Friday, 10 September 2010

One ‘No’ too many - it's not easy being teen!

Last Wednesday night I was walking down the pub to meet my mate for a pint. 
Towering dark shower clouds were speeding across the blue sky above Galway Bay, the low Autumn sun dazzling my eyes. People of all shapes, sizes and speeds were striding along the Prom.

For a moment all was right with my world.

Deciding to cut across the park I chose a diagonal path next to a flat sweep of lush Irish lawn. Passing a signpost I found myself swinging my head back to see what it said.

No Littering. 
No Camping. 
No Ball Sports.

Aye and triple aye to the first ‘No’. Can’t stand the way ye lads litter up your own country. To an alien like this Englishman it seems sometimes you’re not proud enough of what you fought so long to own.

As for the second ‘No’, well, yeh, I suppose it wouldn’t be right for random hosteleros to pitch camp willy nilly. Wouldn’t worry me, to be honest, but I can see that causing trouble with some types.
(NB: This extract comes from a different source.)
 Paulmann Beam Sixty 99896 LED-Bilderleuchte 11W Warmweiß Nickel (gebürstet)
But ‘No’ as in ‘No Ball Sports?’
My heart, so freshly risen and daring to feel joy instantly dropped and felt damaged.

Yes yes I know that there are nearby roads and balls might run out into those roads and people might get killed and cars might have pile ups.
And yes I know that the grass is there for everyone not just young people and it might end up getting a bit muddy if people played ball sports on it after rain.
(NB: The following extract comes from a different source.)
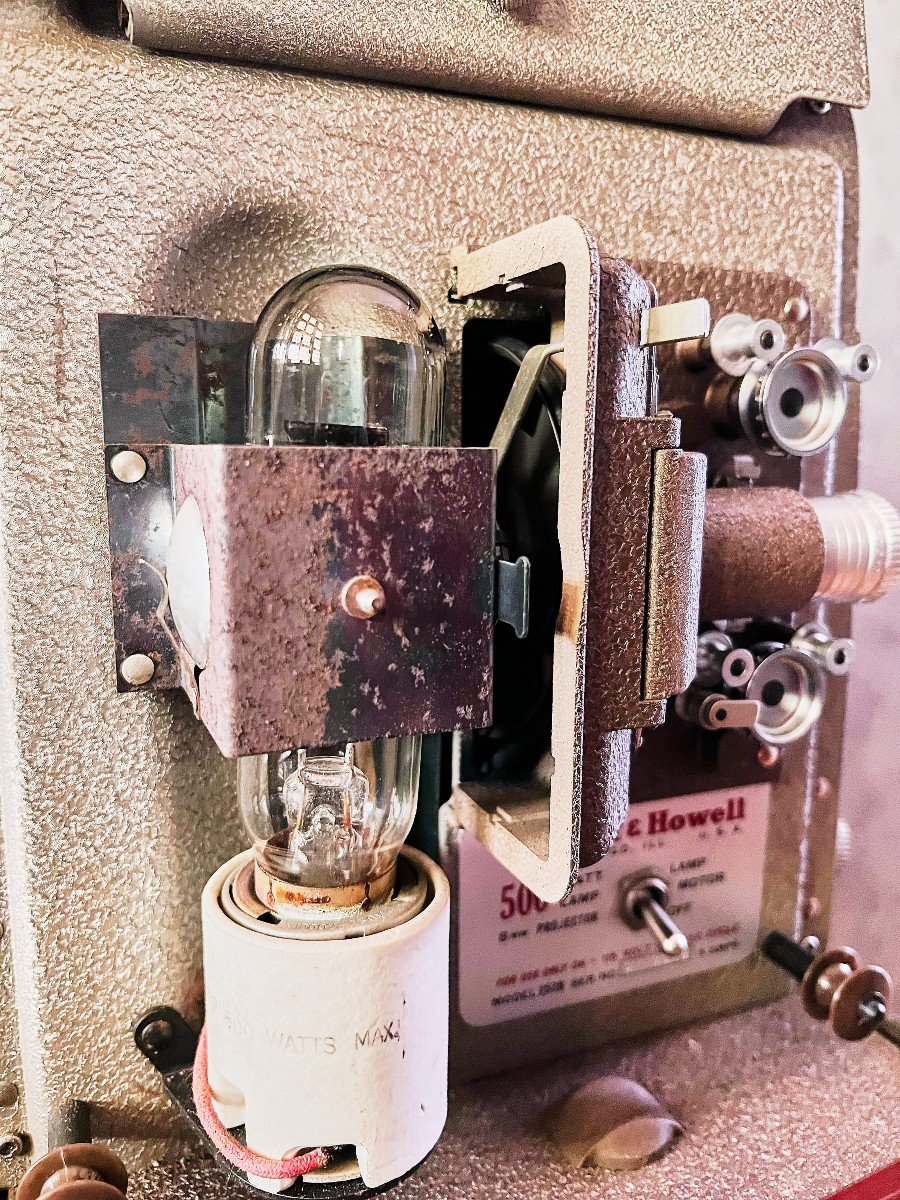 Bell & Howell 8mm Projector Model 253 B 500 Watt-photo-5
But in truth, there aren’t that many cars near this beautiful flat stretch of deep green grass.
And mud is not a rare commodity  in Ireland.

And sad to say, there aren’t any people in the park to be upset about anything. It’s as empty as a politician’s promise.

There are no raggle taggle teams of teenagers here kicking a football around. No pairs of brothers holding hurleys banging a ball. 
No clash of ash. 
No sliding tackles. 
No laughs. 

Nothing. Nobody.

It’s not easy being teen. 
If you stay at home playing Xbox all day you’re told you’re useless and need to go out a get a life. 
If you go out you need money and if you have money you’ll buy a bottle of Buckie which you’ll drink in the park when nobody’s looking. Then you’ll get drunk and throw up or get into a fight and then you’ll be told that you were useless and that you need to go home and get a life.

It’s confusing. And being a teen is confusing enough without authority figures being confusing on top of it all.

What we used to do when we were teens was get a ball and go down the park for a bit of a kick about. 
If it was just me and my mate we’d play penalties.
If there was 3 of us we played 3-and-In, where you’re in goal ‘til one of the other lads scores three goals, and then he’s in goal.
4 lads meant 2-a-side, game on, we’d got ourselves a match. 
Any more than 4 was pure heaven, which could only be improved upon if the older lads turned up , when we played out of our skins to try and impress them.

Now there are no teens playing football in the park. 
One ‘No’ too many.
Teens hear a lot of ‘No’s.
Bit of a kick about with a ball?
Crying bloody shame.


johnbendel said...

I totally agree. We desperately need to involve teens in physical activity, team games and just getting out all that aggression in other ways. With Ireland being so dedicated to so many sports, many of which nobody else in the world plays or understands, it is wrong to ban the age old "kick around".

Charlie Adley said...

As far as the Irish mystery sports are concerned, at least the Irish have the humility to call their GAA Finals the 'All Irelands' rather than the 'World Series'!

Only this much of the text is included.